_EXERCISE DIRECTIONS_: Please set down exactly the lines from the one containing "Sin Taladros Senator" through the last line of the records below, both included, with no pictures.

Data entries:

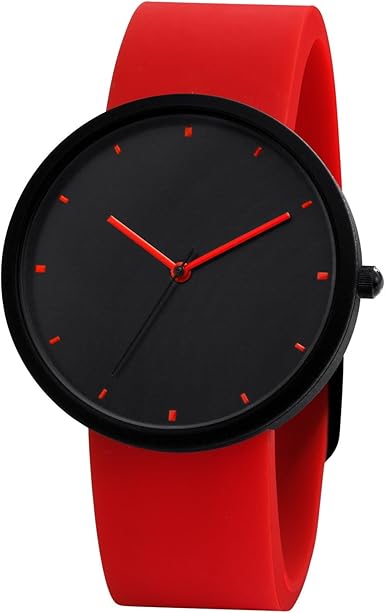 Orologi donna da Polso Sportivo con Cinturino in Silicone Rosso Comtex
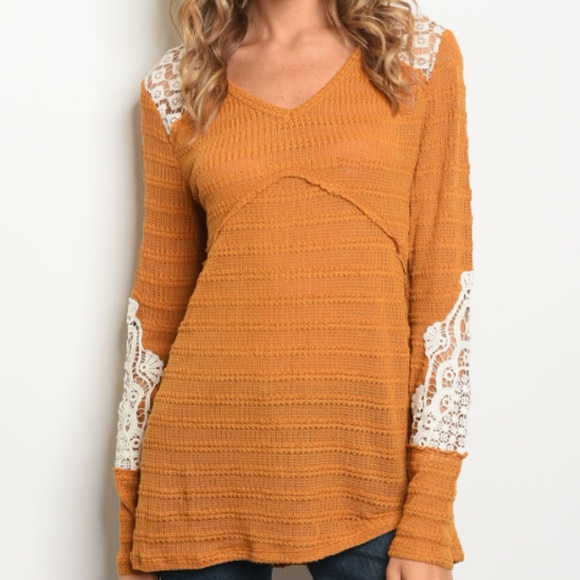 C.C. Boutique Tops - NWT Mustard Crochet  Long Sleeve Thermal Top
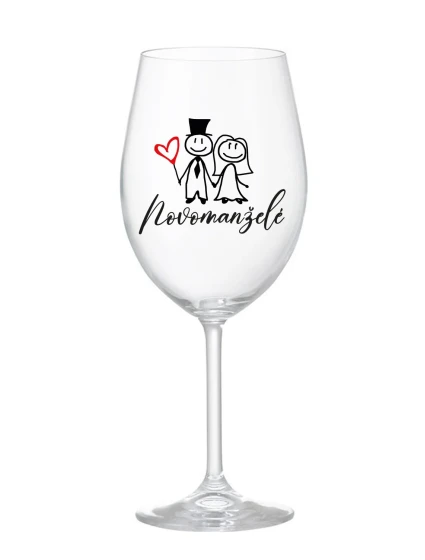 NOVOMANŽELÉ - čirá sklenice na víno 350 ml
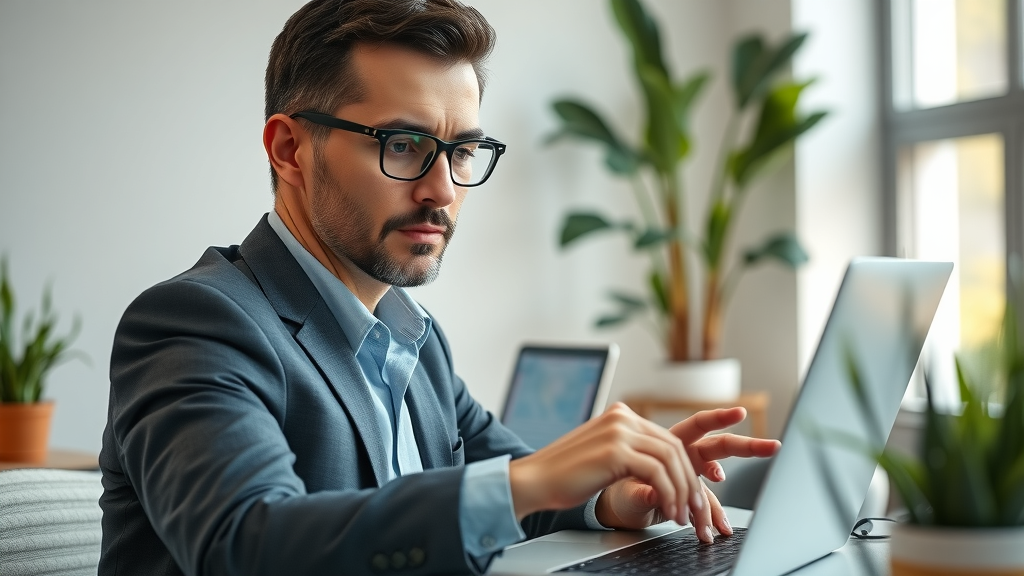 google account ad center, business professional configuring ad settings on laptop, bright modern workspace, highly detailed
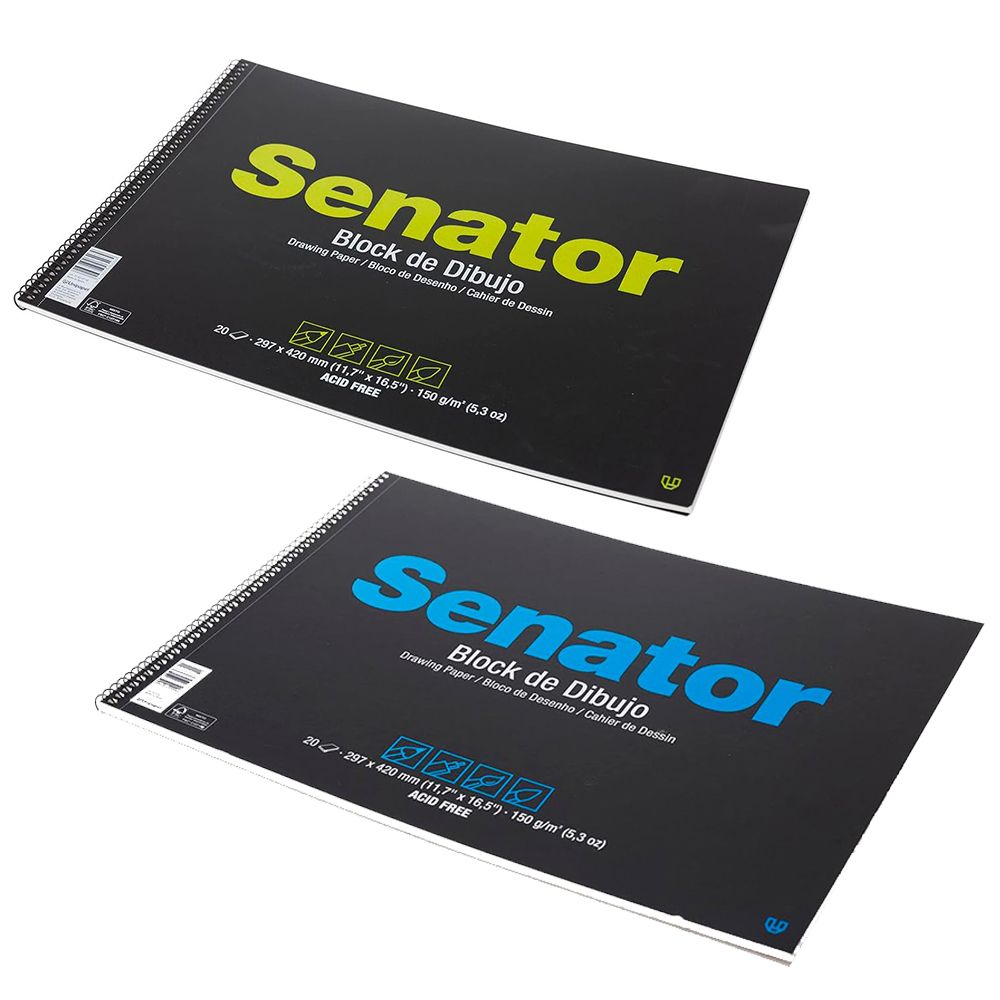 Senator Bloc de Dibujo A3 150g 20H Sin Recuadro y Sin Taladros Senator Bloc de Dibujo A3 150g 20H Sin Recuadro y Sin Taladros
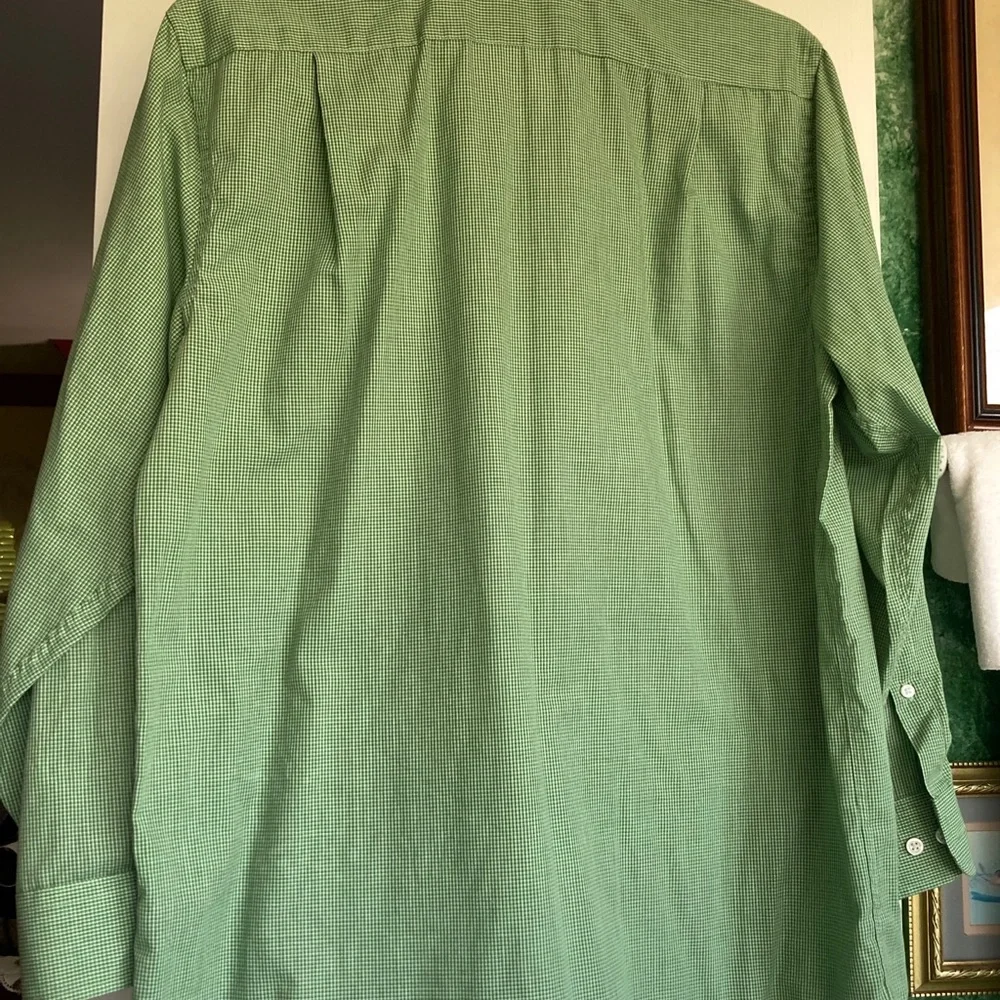 CROFT & BARROW Men’s casual sz. L tiny yel-gr checks on wh. Wrinkle resist   $10 - Picture 3 of 4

_TASK RESPONSE_:
 Senator Bloc de Dibujo A3 150g 20H Sin Recuadro y Sin Taladros Senator Bloc de Dibujo A3 150g 20H Sin Recuadro y Sin Taladros
 CROFT & BARROW Men’s casual sz. L tiny yel-gr checks on wh. Wrinkle resist   $10 - Picture 3 of 4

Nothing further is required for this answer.